══ COLLECTED DATA ══

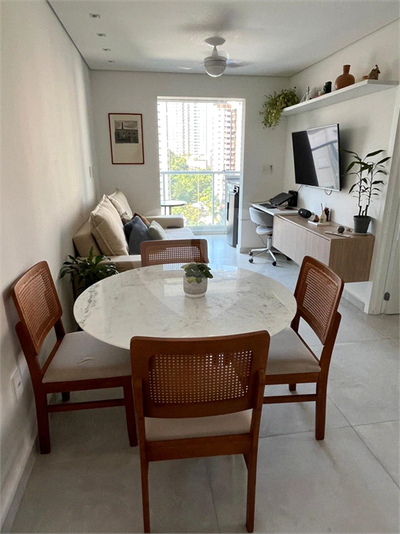 Apartamento, 1 quarto, 41 m² - Foto 1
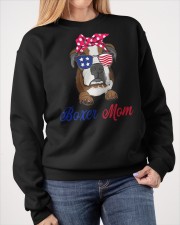 Boxer D34 Crewneck Sweatshirt apparel-crewneck-sweatshirt-lifestyle-front-40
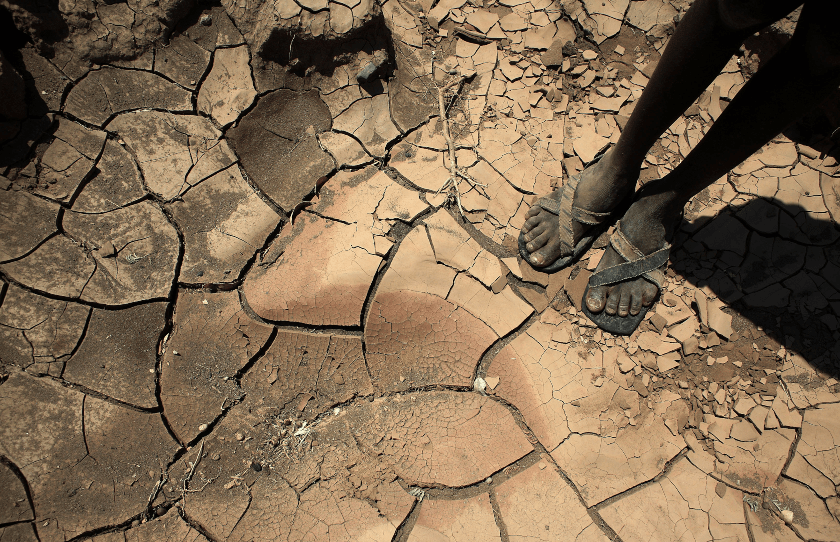 Africa, paises vulnerables, pandemia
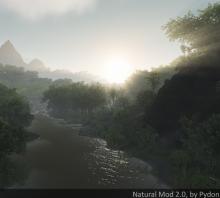 Crysis Natural Mod 2.0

═══

Word for word, restate every line of the listing, omitting the pictures.

 Apartamento, 1 quarto, 41 m² - Foto 1
 Boxer D34 Crewneck Sweatshirt apparel-crewneck-sweatshirt-lifestyle-front-40
 Africa, paises vulnerables, pandemia
 Crysis Natural Mod 2.0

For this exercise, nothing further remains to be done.